JUDGE HOLT DELIVERED THE OPINION OF THE COURT.

Bettie Shea was a servant girl of good character. She occupied a room over the kitchen, while the family of her employer slept in a remote part of the house. She was last seen alive by them upon the afternoon of Sunday, March 31, 1889. Early the next morning they found her dead body lying upon the floor of her room, partially disrobed, as if she were about retiring when cruel and murderous blows, one upon the other, and, from appearances, from six to fifteen in number, made with some blunt instrument, crushed in her skull, and made some one the murderer of a helpless woman.

We may presume at the outset that the killing was not for gain, as nothing of value was taken. She doubtless had little to tempt in this direction.

It was done between eight o'clock at night and four o'clock of the next morning. The mantle of darkness hid the doer. Under its cover a deed of blood was done so horrifying in character as to be almost nameless. As the witches said to Macbeth of King Duncan's murder — "a deed without a name."

The family heard no noise, and knew nothing of it until morning. This is accounted for by the fact that the room of the victim was isolated, the entrance to it being by a side door. Moreover, the wind and storm prevailing made it a fit night for such a deed.

The appellant, Thomas O'Brien, Jr., has been found guilty of it, and his punishment fixed at death. The evidence is altogether circumstantial, but a jury of his vicinage has passed upon it, and found he did it beyond a reasonable doubt. In our opinion it points unmistakably to him, and fully sustains the verdict. Moreover, his motive is clearly shown, and a careful reading of the record is not only convincing of his guilt, but points in no degree, even to the extent of suspicion, to any other person as the guilty party.

The deceased was not only his third cousin, but his wife. They had been secretly married under assumed names in October, 1888, and at the time of her death she was enceinte by him. He had been in the habit of privately visiting her as her husband from the time of their marriage, but it had been kept a secret. In the meantime he had not only become intimate with a prostitute, but had engaged himself to marry an Indiana girl in May, 1889.

When the deceased was killed, the appellant knew from her condition that their marriage could not be much longer concealed. He also knew that the time when he had promised to marry the Indiana girl was fast approaching. He may also have thought that publicity of his marriage, and which, he testifies, he believed to be valid, might interfere with his relations with the prostitute. Reason existed, therefore, why he should desire to rid himself of the deceased. Motive was not wanting.

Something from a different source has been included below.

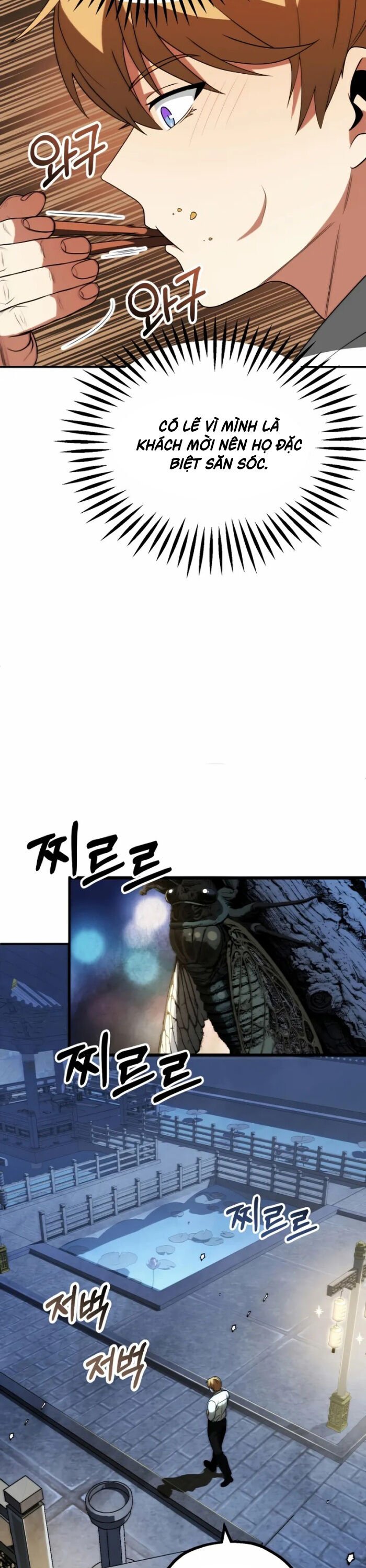 Con Trai Út Của Đại Pháp Sư Lừng Danh - Chap 76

Before his marriage, and in June, 1888, he told one party that he was courting a girl, and she would not submit to his desires. In January following he told the same person that the girl was with child by him, and asked how to get rid of it, saying he had to do so or marry the girl, and he did not intend to do the latter if he had to get rid of both. He also told another party of the girl's condition, and that he wished to get rid of the child. In February he applied to a physician for this purpose, telling him that the girl was the deceased, but a few days afterward told him that she did not claim he was the father, and he was going to let it rest. In the pocket of the dress which the deceased had evidently worn the day preceding her death was found an undated note from the appellant, saying: "Will be up tonight as soon as possible." He was arrested the day succeeding the killing, and upon the next day there was found in a bureau drawer in the room where he had been arrested a metallic knuck, calculated to make such wounds as were found upon the head of the deceased, if one could be found cruel enough to do so. There was a red shade upon it, but no microscopical examination was had to determine certainly whether it was blood or other substance.

A witness says she saw the appellant talking with a woman at the gate of the house where the deceased lived at about eight o'clock upon the night of the killing. She did not know the woman, but from her description of her dress, it was the deceased. Two witnesses testify that the appellant said, when told upon the day of his arrest that it was for killing Bettie Shea, "I was with the girl last night, but I did not do it."

These, and other circumstances to which we might allude, banish all doubt of the appellant's guilt. His evidence as to an alibi is faulty. He fails to account, by any witness whatever, where he was for at least an hour upon the night of the killing. This would have afforded him ample opportunity to have done it. Moreover, allowing that all of his witnesses are credible, yet they can very readily be mistaken as to the time when and for how long they saw him upon the fatal night.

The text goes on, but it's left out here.